Check if value is missing in DataFrame indexed by values (not by numerical indices)

I have the following DataFrame:

julia> directories
247×133 DataFrame. Omitted printing of 127 columns
│ Row │ receiverId       │ 2018-03-05           │ 2018-03-06           │ 2018-03-07              │
├─────┼──────────────────┼──────────────────────┼──────────────────────┼─────────────────────────┼
│ 1   │ 001bc50940820093 │ floor7:east:pat7302  │ floor7:east:pat7302  │ floor7:east:pat7302     │
│ 2   │ 001bc509408200fe │ floor5:south:pat5111 │ floor5:south:pat5111 │ floor5:southICU:pat5111 │
│ 3   │ 001bc5094082008e │ floor5:east:pat5307  │ floor5:east:pat5307  │ floor5:east:pat5307     │
│ 4   │ 001bc50940820018 │ floor7:south:ns04    │ floor7:south:ns04    │ floor7:south:ns04       │
│ 5   │ 001bc5094082005c │ floor5:west:ns02     │ floor5:west:ns02     │ floor5:west:ns02        │
│ 6   │ 001bc509408200ae │ floor8:west:ns01     │ floor8:west:ns01     │ floor8:west:ns01        │
│ 7   │ 001bc50940820028 │ floor7:south:pat7110 │ floor7:south:pat7110 │ floor7:south:pat7110    │
│ 8   │ 001bc50940820094 │ floor7:north:pat7217 │ floor7:north:pat7217 │ floor7:north:pat7217    │
│ 9   │ 001bc509408200b7 │ floor9:east:pat9301  │ floor9:east:pat9301  │ floor9:east:pat9301     │
│ 10  │ 001bc509408200c6 │ floor9:east:pat9304  │ floor9:east:pat9304  │ floor9:east:pat9304     │
⋮
│ 237 │ 001bc509408200f6 │ missing              │ missing              │ missing                 │
│ 238 │ 001bc50940820116 │ missing              │ missing              │ missing                 │
│ 239 │ 001bc509408200a6 │ missing              │ missing              │ missing                 │
│ 240 │ 001bc509408101f8 │ missing              │ missing              │ missing                 │
│ 241 │ 001bc50940820118 │ missing              │ missing              │ missing                 │
│ 242 │ 001bc5094082008d │ missing              │ missing              │ missing                 │
│ 243 │ 001bc5094082011a │ missing              │ missing              │ missing                 │
│ 244 │ 001bc50940820099 │ missing              │ missing              │ missing                 │
│ 245 │ 001bc50940820113 │ missing              │ missing              │ missing                 │
│ 246 │ 001bc5094082010a │ missing              │ missing              │ missing                 │
│ 247 │ 001bc509408200f2 │ missing              │ missing              │ missing                 │

I want to check if the receiverId 001bc509408200f6 is missing for a given date. I index the DataFrame in the following way, for a given date (column):

julia> directories[directories[:receiverId] .== "001bc509408200f6", Symbol("2018-03-05")]
1-element Array{Union{Missing, String},1}:
 missing

Here, the type of the output is a 1-element Array{Union{Missing, String},1}. If I use ismissing, I get:

julia> ismissing(directories[directories[:receiverId] .== "001bc509408200f6", Symbol("2018-03-05")])
false

which is not the expected output (at least for me). If use use dot notation, since I am evaluating an array,

julia> ismissing.(directories[directories[:receiverId] .== "001bc509408200f6", Symbol("2018-03-05")])
1-element BitArray{1}:
 true

I get the expected output in an unexpected (again, for me) type. Therefore, I can’t for example use it as the condition for an if statement (at least I haven’t figured out how).

What’s the right way to check whether a value is missing when indexing a DataFrame with an array of Booleans?

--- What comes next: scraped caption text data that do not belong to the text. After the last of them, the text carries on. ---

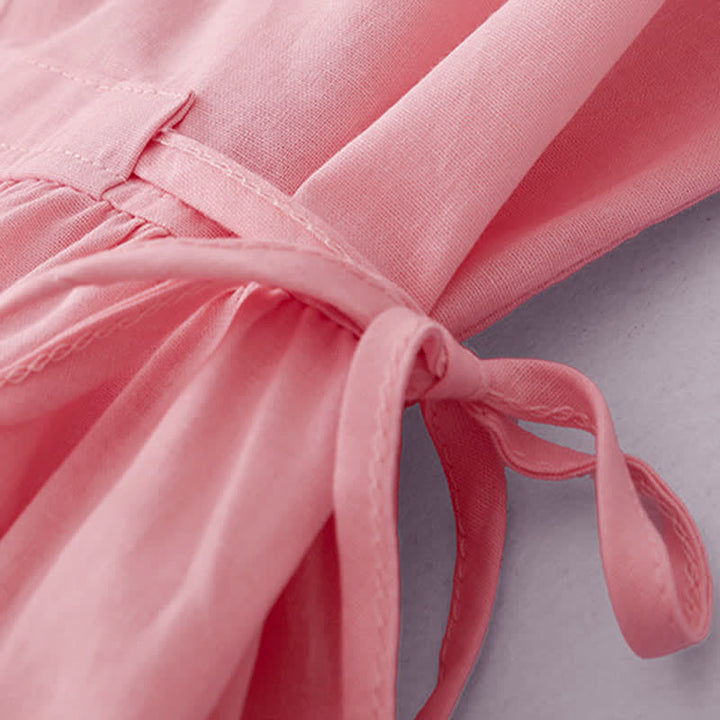 Buddha Stones Robe d'été minimaliste décontractée à boutons et lacets, sans manches, avec poche, pour femme - image 13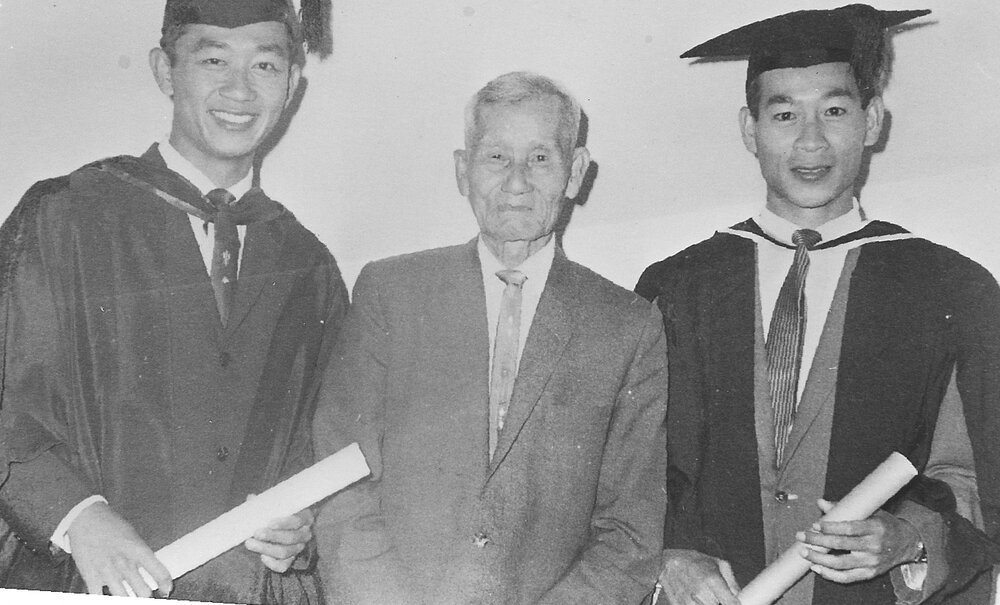 Gerry and Cyril Chan, graduation, c.1961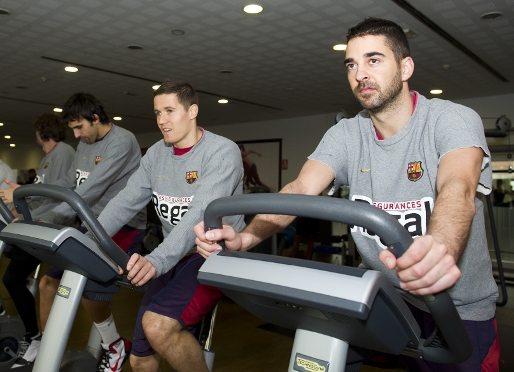 Els jugadors del Regal Barça, al gimnàs Àccura. (Fotos: Àlex Caparrós - FCB)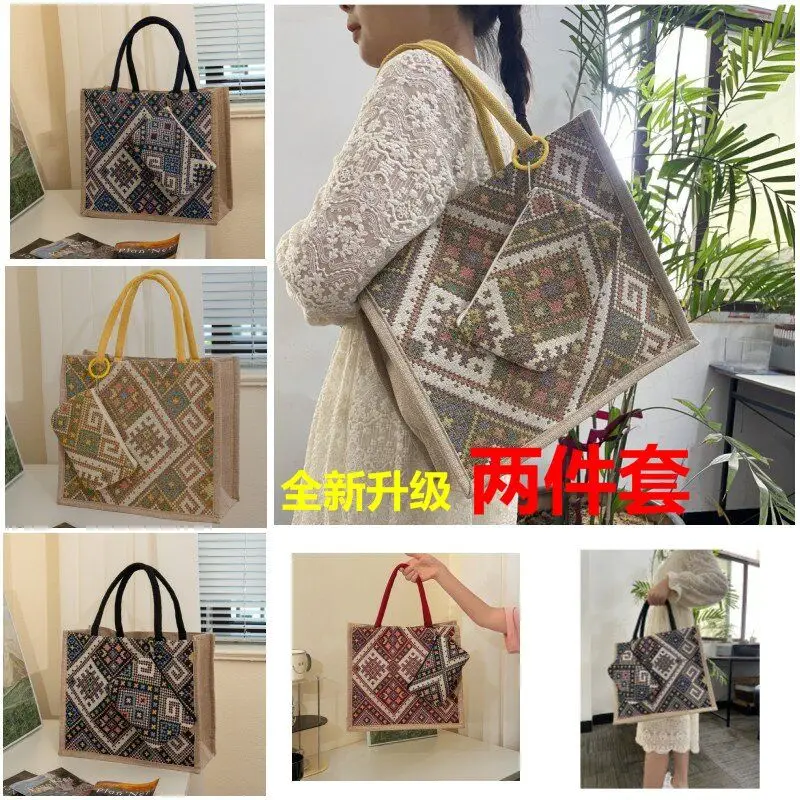 Ethnic Style Canvas Large Capacity Shoulder Tote Hand Tote Bag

Note that if I index using numbers, e.g.

julia> ismissing(directories[237,2])
true

this just works. However, for the processing I’m working on, it’s easier to index by receiverId and date (column) values.

The issue is that DataFrames has no way of knowing that there is only one oversvation with df.receiverid == "001bc509408200f6", so it returns an array with one element rather than a scalar. To not have this behavior would lead to type instability.

One way to get a scalar return is by using findfirst, which will give you the index of the first row for which df.receiverid == "001bc509408200f6" is true.